- 37 Posts
- Age 4
This article was written by Jack Liddall, 16, Edinburgh, United Kingdom
It can be quite difficult to take my mum seriously when she talks about not having the internet, a laptop, flat-screen television, mobile phones. She can remember the days when everyone put coins into slots at a phone booth, wrote letters to pen pals abroad, borrowed encyclopedias from the library to do a school project.
Nowadays, at the touch of a button, it is possible to contact a friend on the other side of the world, from Edinburgh to New York to Paris to Beijing. Anywhere is possible. With such power and the endless possibilities, it should come as no surprise that people, let alone the younger generation, are now more and more civically engaged.
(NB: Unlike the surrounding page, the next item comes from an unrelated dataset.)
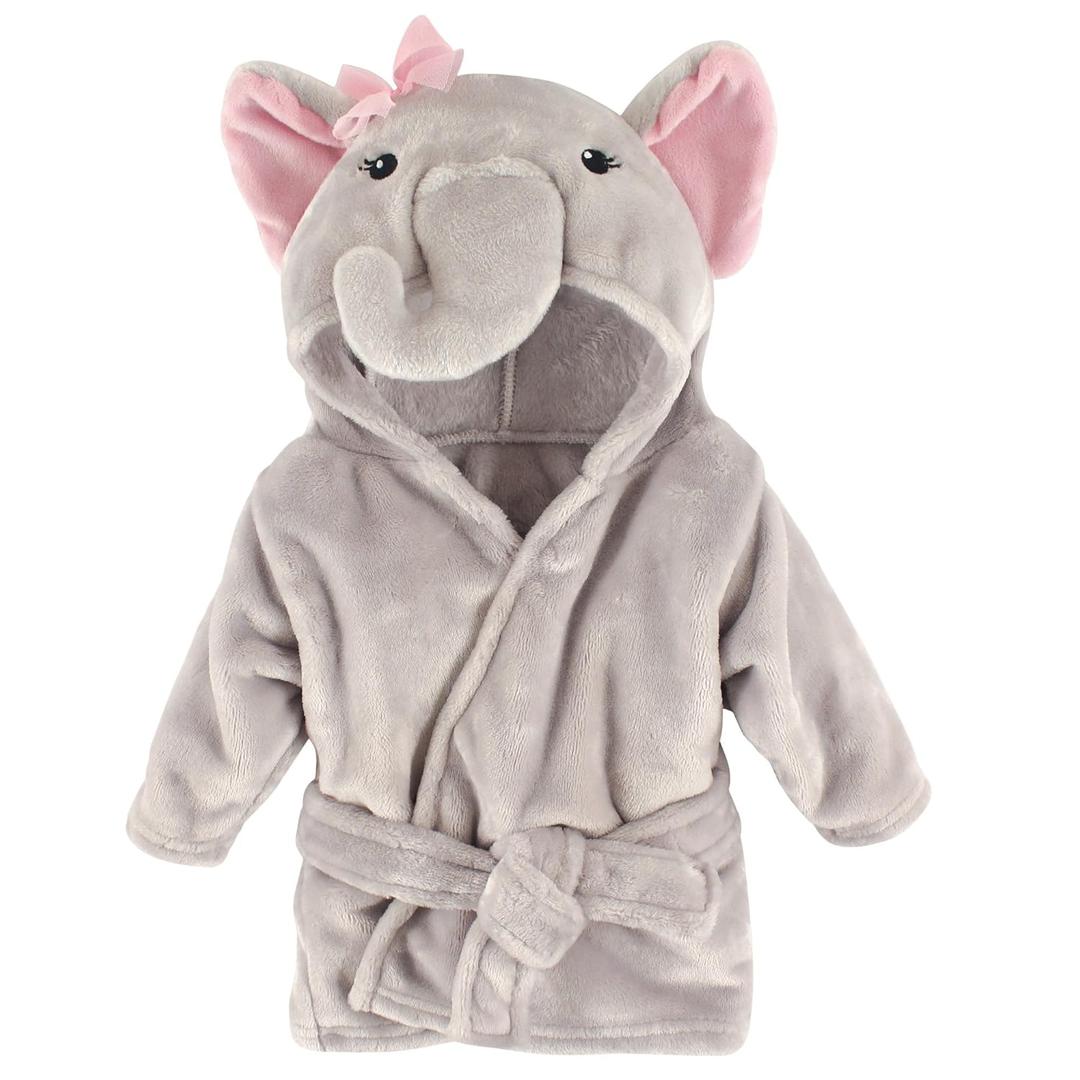 Hudson Baby Unisex Baby Plush Animal Face Bathrobe, Pretty Elephant, 0-9 Months Hudson Baby Unisex Baby Plush Animal Face Bathrobe, Pretty Elephant, 0-9 Months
According to the United Kingdom’s Office for National Statistics, nearly all households with children have an internet connection, many children have a mobile phone and a vast number of young people use social media. This can have enormous benefits. In the UK, we had a recent snap general election and this was an excellent example of young people’s digital civic engagement. Social media was a place to learn of the political happenings as well as voice your opinions. Internet means children and young people have crucial information at their fingertips.
Of course, alongside the advantages of new digital innovations come the dangers. According to an Opinium poll, more than half of 8- to 16-year-olds say they used Facebook under the age of 13. Cyberbullying has become an issue of vital importance, leaving a virtually irremovable mark on the lives of victims. Unrestricted access to the vast swathes of information can be harmful, rather than beneficial to children and young people in grasping a better understanding of their identity and what citizenship means.
Yet in my home city of Edinburgh, Scotland, it is certainly not difficult to see the impact of digital awareness on civic engagement, be it with political, social or religious issues. Thanks to the power of the internet, social media sites and new methods of communication, we have seen a generation’s attention captured and passions sparked: a generation of Snapchat, emojis and memes alongside record lows of youth apathy, impassioned blog posts, petition signing and YouTube tutorials. The possibilities do indeed seem endless.